Witness the fox

Late one afternoon last summer, Mama saw a gray fox walking through her yard.  He stopped at the wild plum trees near the driveway, lingering there to eat his fill of windfall fruits. Mama grabbed her camera, slipped outside, stood on the carport and snapped a few pictures. With his glossy silver coat backlit, the fox seems luminous in the images she captured.  I use the pronouns he and his not in a generic sense but because a female generally sticks close to the den during the day at that time of year to nurse her newborn pups.

We spotted another fox behind their house about a month ago. We were walking down to the boggy headwaters of an unnamed branch to check on the paw paws we’d planted last year when we saw it moving through a patch of tall grass no more than fifty feet away. Obscured as it was, I couldn’t identify the species, but its prick ears and pointy muzzle reminded me of my deer-head Chihuahua, Jimmy Carter, sporting a darker, bristly coat. The gray fox (Urocyon cinereoargenteus) has patches of red on its neck and legs and is sometimes mistaken for a red fox (Vulpes vulpes), a slightly larger creature with longer fur and a more distinct color pattern.             

We’ve had foxes around the farm for years – when I was young, there was a den in a rocky strip of hardwoods between our backyard and the fields – but it seems we’re seeing them more often these days.  According to the N.C. Wildlife Resources Commission (WRC), this isn’t due to a dramatic rise in fox populations. In fact, the red fox seems to be declining as coyotes become established in our region. Some wildlife biologists speculate our native gray fox is better equipped to elude coyotes since it’s the only canid species capable of climbing trees.

The red fox was brought to our shores during colonial times for a sport that’s now banned in the United Kingdom, a move that outraged my husband’s aunt and cousins who live on a sheep farm in Devon. They enjoy the pageantry and ritual of the hunt and see it as a way to control a troublesome predator. That said, they’re still allowed to shoot foxes as vermin, and some of their beloved Jack Russells have probably savaged more chickens than any fox on the moor. 

Hunting with fox hounds is still permitted in all but a handful of counties in our state, but laws governing the hunting and trapping of both the red and gray fox vary wildly from county to county, so check with the WRC for seasons, permits and bag limits. While it’s permissible to kill a nuisance fox any time of year, bear in mind that even though a fox might take the occasional chicken or guinea, they’re much more likely to prey on the rodents attracted to their feed. 

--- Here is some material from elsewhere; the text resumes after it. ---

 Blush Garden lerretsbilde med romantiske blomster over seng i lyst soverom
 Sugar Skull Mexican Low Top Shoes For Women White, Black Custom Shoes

While Mama and I have enjoyed our encounters with these foxes, we were a bit concerned about seeing them during the day – especially given the recent reports of rabid foxes in the Uwharries – but according to the WRC, that’s not an unusual occurrence. Foxes are omnivores, and they don’t mind taking advantage of food sources in close proximity to humans. We attract them with our fruit trees, pet food, bird seed and garbage.  Rabies is a concern only if an animal appears to be staggering, foaming at the mouth, acting aggressive or exhibiting other odd behaviors.  In general, it’s best to observe wild animals from a distance and take steps to keep them from becoming habituated to humans. The WRC has tips for coexisting with foxes at http://www.ncwildlife.org/Portals/0/Learning/documents/Species/coexistfoxes.pdf.

Mama saw another fox recently, not far from the patch of tall grass near the branch. This time, it was clearly a red fox. She found it lying dead on the side of the road, presumably hit by a car. Sadly, that’s how we encounter wildlife all too often these days. Perhaps that makes it even more poignant to watch a fox fill up on plums or cut a path through unmowed grass. Having the opportunity to study the behavior of these and other wild creatures gives us a glimpse into their mysterious world.